Crossing The Line – The End Of The World As We Know It
By John Morris
After 40 summers, the Youngstown Level Regatta is done. Sure, there’s a nostalgia piece about all the great times we had, about Jeff Long Tarzan-ing his spar and setting his J24 on its side or about Don Allen’s bikini babes in Sailing News. I could write about the Whippet crew from Oakville sailing in Michelin Man suits or recall brushing my teeth with beer from B-Kwik, but that is only part of the story.
If lining up for a head at 6 in the morning after you emptied the beer truck at 5 is not the Youngstown story, what is? Here’s a synopsis in handy point form
1. Don Finkle turns out to be a genius, fueled by insight, spawned by love of sailing
2. The yachting establishment missed the grassroots appeal of this event entirely
3. If you’re going to have a regatta in a sleepy upstate town, it helps that it is just across the lake from 9 million people in the Toronto GTA
4. If you think that there’s a better boat than a C&C 29 you don’t get it
5. ‘One-design’ can be loosely interpreted, if you’re smart
6. Beer is a common denominator
In 1987 when the Youngstown Regatta was just 14 years old Robert Salfi wrote about the event’s phenomenal success for CY. As he explained, it all started when Don Finkle and his ¼ – ton crew schlepped their Cal T4 all the way to Florida in search of some non-handicap racing. When he returned, Don sold the idea of a “level” one-design regatta to the YYC hats and the Levels was born. At the time Salfi’s article appeared, the Levels had hit a whopping 250 boats, but that was still just the beginning!

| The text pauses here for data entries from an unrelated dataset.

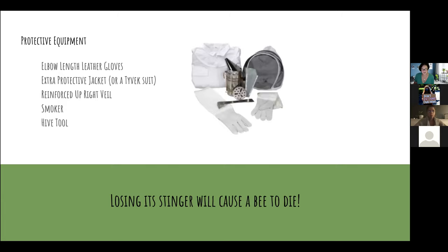A bee doesn't really want to sting you, but they will sometimes try. It's important to wear protective equipment. Beekeeping is a very zen activity — you want to move slowly, you don't want to startle the bees. As long as you're in that beekeeping zone tending your hive, they're not going to try to sting you. Once a bee stings you, it dies, so it really doesn't want to. Inside your kit you'll have gloves, a jacket or Tyvek suit, a veil to protect your face, a smoker to calm the bees, and a hive tool to open the hive.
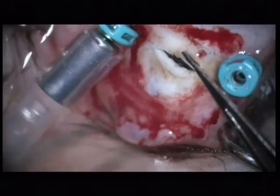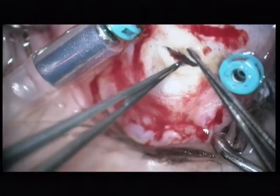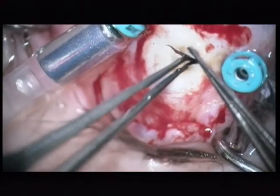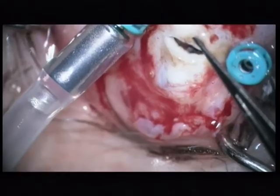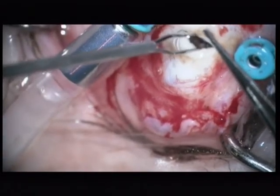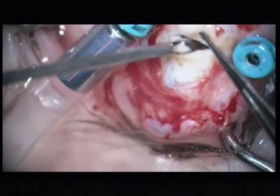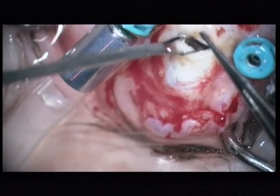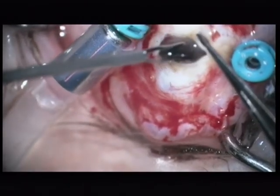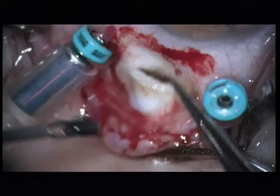So I use forceps with teeth — surgical forceps — and again no success. So I try once more with the 20 gauge foreign body forceps. And again this is my savior — the foreign body forceps. The foreign body is removed.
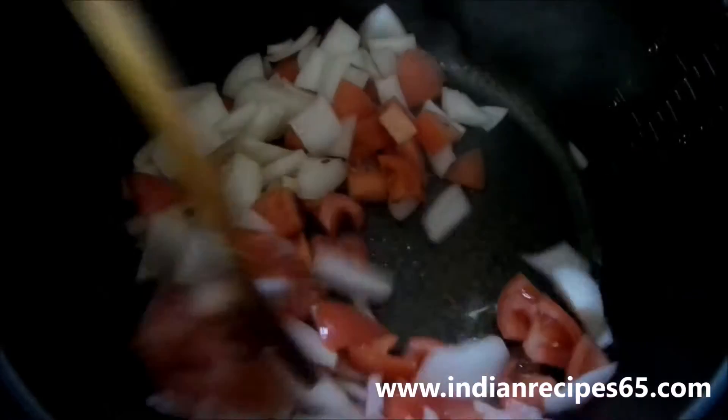Now take a pan, add ghee and oil and heat it, or you can cook it in a pressure cooker too. Add all the whole garam masala ingredients and let them splutter. Then add onions and tomatoes and saute it well.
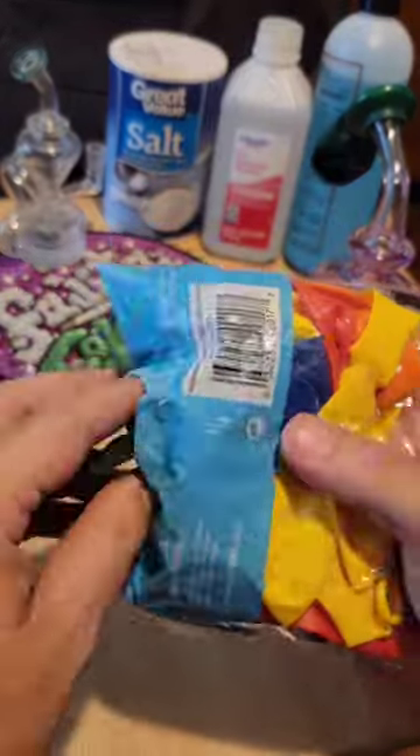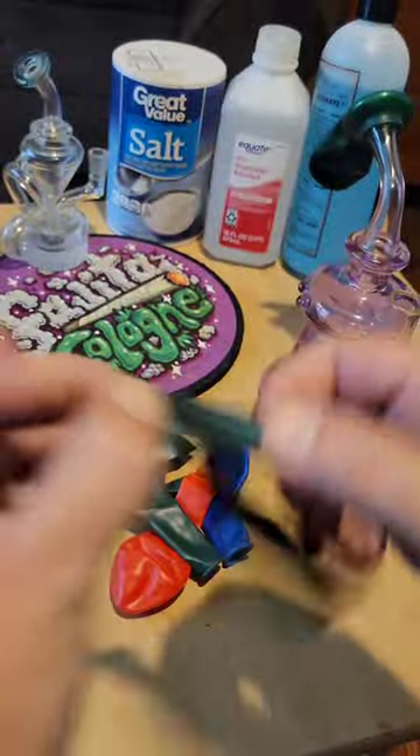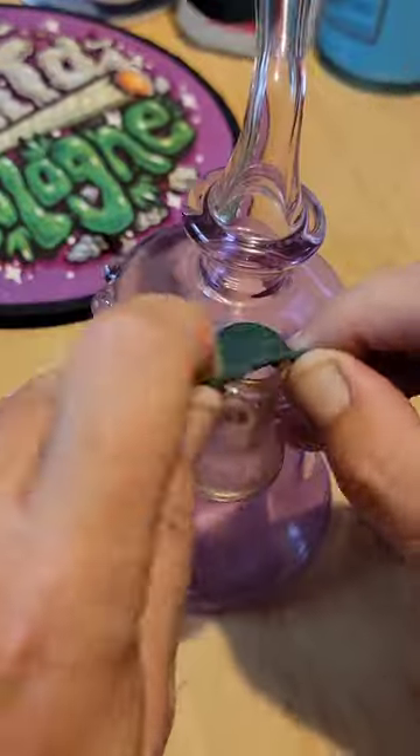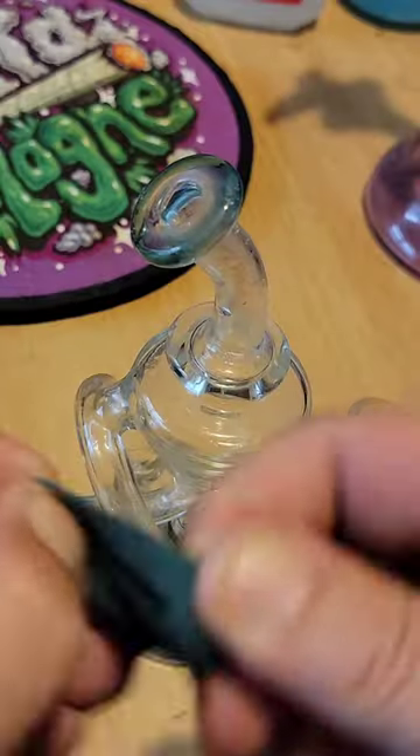Here's an easy trick for cleaning glass bongs and rigs simply by using a package of dollar store balloons. Start by stretching out the balloons before you slide them over the mouthpiece or stems for a much easier fit. Also make sure to add your cleaning solution too.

One Youngtsown innovation made all the difference; while level racing is easy to stage for J24s and Sharks, Youngstown added one design fleets for everyone. Show up, get assigned to a fleet and race. Got a Goman Express 30? You’re in a division with a Kirby 30, a Pearson Flyer and a two J29s. Got a problem with that? We’ll discuss it after the race over a beer. Or not. And nobody did. Plus, Finkle discouraged protests and sea lawyers by charging fees for filing. Add in genuine big prizes for the winners in every division and a tradition was born that has lasted 40 years, essentially unchallenged by pretenders like NOOD, Royal Week and a long list of others.
Boats like C&C 27 and Laser 28 and especially C&C 29s were in their glory on the Levels race course and in its long rafts that tentacled off the seawall forming insane floating parties reaching out into the Niagara River. Onshore Don arranged a hi-flow Genesee beer truck to slake the racers, a concept unheard of and outlawed under every possible Puritan Ontario regulation, particularly in the 70s when this all began.
So the regatta grew peaking at 466 boats somewhere in the mid-90s and likely bringing more people to Youngstown than live there. Yankee Spirits on Lockport Road was emptied, wings were consumed by the poultry-farmload and adulthood was achieved in tents pitched to accommodate the crew.
Several factors contributed to the gradual tapering off of this juggernaut. Located right across the river at Niagara-on-the-Lake, C&C went broke and stopped supplying race boats like the C&C 29s, a distinctly ordinary and not particularly quick boat that had attracted so many active owners in the Youngstown-Rochester-Golden Horseshoe, that competition rose to high quality standards.
Racing declined everywhere. One-design owners got older and moved from the foredeck to the Bimini, or even onto the links. Crew, once fueled by beer and hormones no longer jones for racing – they’ve found other ways to meet those needs, I guess.
Small hot boats (like the Melges 24) are expensive and that keeps the numbers down, in these parts anyhow.
Don and his Youngstown pals have run a pretty fine regatta for 40 years, pushing YYC’s facilities to the limit, exploding his town and shanghaiing everyone in the community who can hold a clipboard onto the committee boats. Enough is enough.
The world will be a lesser place without the Youngstown Levels. It never attracted the attention of the international sailing community, or the other pretentious forces of racing and therein laid its appeal. Don and the Youngstown folks were just motivated enthusiasts who loved racing and fun. They turned us into believers. Alas, everyone is moving on.